IA presentada en contra de las resoluciones 107-DIR-2021-ANT y 104-DE-ANT-2021, emitidas por el Directorio de la ANT y por el director ejecutivo de la Agencia Nacional de Regulación y Control del Transporte Terrestre, Tránsito y Seguridad Vial (ANT), respectivamente, que – en general - resuelven, entre otros aspectos, revisar y suspender los procesos de habilitación vehicular de las unidades de transporte público incrementadas entre los años 2020 al 2021 para reevaluarse las mismas. La Corte resolvió desestimar la IA luego de verificar que para la procedencia del control abstracto era necesario que los actos administrativos: i) tengan la cualidad de producir efectos generales y, ii) el alcance de estos efectos2 . En primer lugar, encontró que la resolución emitida por el Directorio impuso ciertas obligaciones y prerrogativas que deben ser cumplidas por un individuo plena y claramente identificable: el director ejecutivo de la ANT. Tales obligaciones no son abstractas, sino que se circunscribieron dentro de un marco operativo interno que debe acatar el director ejecutivo, otorgándole efectos individuales y directos a la resolución. De igual manera, la Corte valoró que la resolución por sí sola no puede producir efectos jurídicos, debido a que no puede ser aplicada directa e inmediatamente al estar condicionada a la realización de actos administrativos ulteriores por parte del director ejecutivo. En consecuencia, la Corte determinó que la resolución se trata de un acto mediato cuya función primordial es servir como un medio para la materialización y ejecución de actos administrativos subsecuentes. Como segundo punto, la Corte revisó si la resolución emitida por el director ejecutivo de la ANT tenía efectos generales o plurindividuales. Verificó que la resolución en análisis tenía como finalidad modificar situaciones jurídicas concretas de un grupo de administrados claramente identificables por la misma resolución ya que su ámbito de aplicación se remitía únicamente a la suspensión y/o habilitación temporal de procesos y permisos de operación vehicular por el periodo comprendido entre marzo de 2020 a mayo de 2021. Por ende, dicha resolución tenía efectos plurindividuales impactando situaciones jurídicas perfectamente diferenciadas.

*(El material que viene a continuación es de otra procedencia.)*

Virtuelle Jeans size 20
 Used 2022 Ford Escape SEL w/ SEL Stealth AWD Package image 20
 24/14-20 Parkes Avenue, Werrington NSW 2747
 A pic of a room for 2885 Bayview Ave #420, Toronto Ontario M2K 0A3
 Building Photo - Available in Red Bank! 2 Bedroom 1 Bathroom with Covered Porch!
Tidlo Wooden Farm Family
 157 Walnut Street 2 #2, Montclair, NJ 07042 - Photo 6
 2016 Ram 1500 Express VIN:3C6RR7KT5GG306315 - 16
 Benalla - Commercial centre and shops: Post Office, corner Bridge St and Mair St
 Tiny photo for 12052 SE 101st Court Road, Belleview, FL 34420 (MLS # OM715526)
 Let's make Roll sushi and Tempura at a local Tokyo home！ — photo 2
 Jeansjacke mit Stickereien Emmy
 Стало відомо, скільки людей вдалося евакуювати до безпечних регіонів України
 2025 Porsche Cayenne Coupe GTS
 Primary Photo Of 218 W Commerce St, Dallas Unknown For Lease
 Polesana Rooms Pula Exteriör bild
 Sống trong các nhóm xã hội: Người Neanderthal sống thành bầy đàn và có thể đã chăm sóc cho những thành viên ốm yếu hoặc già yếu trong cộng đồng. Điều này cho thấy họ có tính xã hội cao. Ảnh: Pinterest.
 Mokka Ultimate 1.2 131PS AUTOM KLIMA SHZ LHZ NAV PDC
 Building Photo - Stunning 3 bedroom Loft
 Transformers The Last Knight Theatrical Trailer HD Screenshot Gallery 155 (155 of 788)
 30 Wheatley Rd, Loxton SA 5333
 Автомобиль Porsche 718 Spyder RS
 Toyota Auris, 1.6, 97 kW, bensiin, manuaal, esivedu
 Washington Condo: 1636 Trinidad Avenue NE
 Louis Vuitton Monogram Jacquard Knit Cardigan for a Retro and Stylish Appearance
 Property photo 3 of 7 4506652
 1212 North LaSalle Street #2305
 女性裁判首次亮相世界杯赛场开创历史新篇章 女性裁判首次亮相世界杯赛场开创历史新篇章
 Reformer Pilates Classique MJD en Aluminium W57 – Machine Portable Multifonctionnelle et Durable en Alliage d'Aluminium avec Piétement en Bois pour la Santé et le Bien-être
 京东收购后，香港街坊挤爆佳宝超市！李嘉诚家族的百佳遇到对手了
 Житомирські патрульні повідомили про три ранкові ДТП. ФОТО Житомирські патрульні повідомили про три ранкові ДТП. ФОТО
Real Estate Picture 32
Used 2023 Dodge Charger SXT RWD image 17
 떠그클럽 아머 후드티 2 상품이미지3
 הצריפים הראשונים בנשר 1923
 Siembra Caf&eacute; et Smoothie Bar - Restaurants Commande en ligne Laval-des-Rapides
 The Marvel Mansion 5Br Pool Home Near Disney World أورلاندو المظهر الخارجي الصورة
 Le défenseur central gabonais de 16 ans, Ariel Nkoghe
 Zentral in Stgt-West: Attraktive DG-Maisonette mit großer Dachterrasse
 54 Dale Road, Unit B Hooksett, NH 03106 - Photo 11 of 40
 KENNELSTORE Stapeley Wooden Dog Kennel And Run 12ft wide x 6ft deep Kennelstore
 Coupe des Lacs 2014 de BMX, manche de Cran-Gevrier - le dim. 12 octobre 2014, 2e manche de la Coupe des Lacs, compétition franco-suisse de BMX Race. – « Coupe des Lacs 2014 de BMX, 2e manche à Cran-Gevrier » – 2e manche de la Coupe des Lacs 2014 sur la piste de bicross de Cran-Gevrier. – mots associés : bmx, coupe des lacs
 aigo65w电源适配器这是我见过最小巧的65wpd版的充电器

La Corte Constitucional resuelve la acción pública de inconstitucionalidad planteada en contra de la reforma legislativa al Código Orgánico Integral Penal (COIP), a través de la cual se agregó un inciso al artículo 698 del COIP que restringió el acceso al régimen semiabierto a personas privadas de la libertad por determinados delitos. En atención a los cargos planteados, se desestima la demanda al considerar que la norma impugnada (i) no es contraria al derecho de igualdad y no discriminación y (ii) que las reformas legales introducidas no son contrarias al principio de progresividad y no regresividad de los derechos.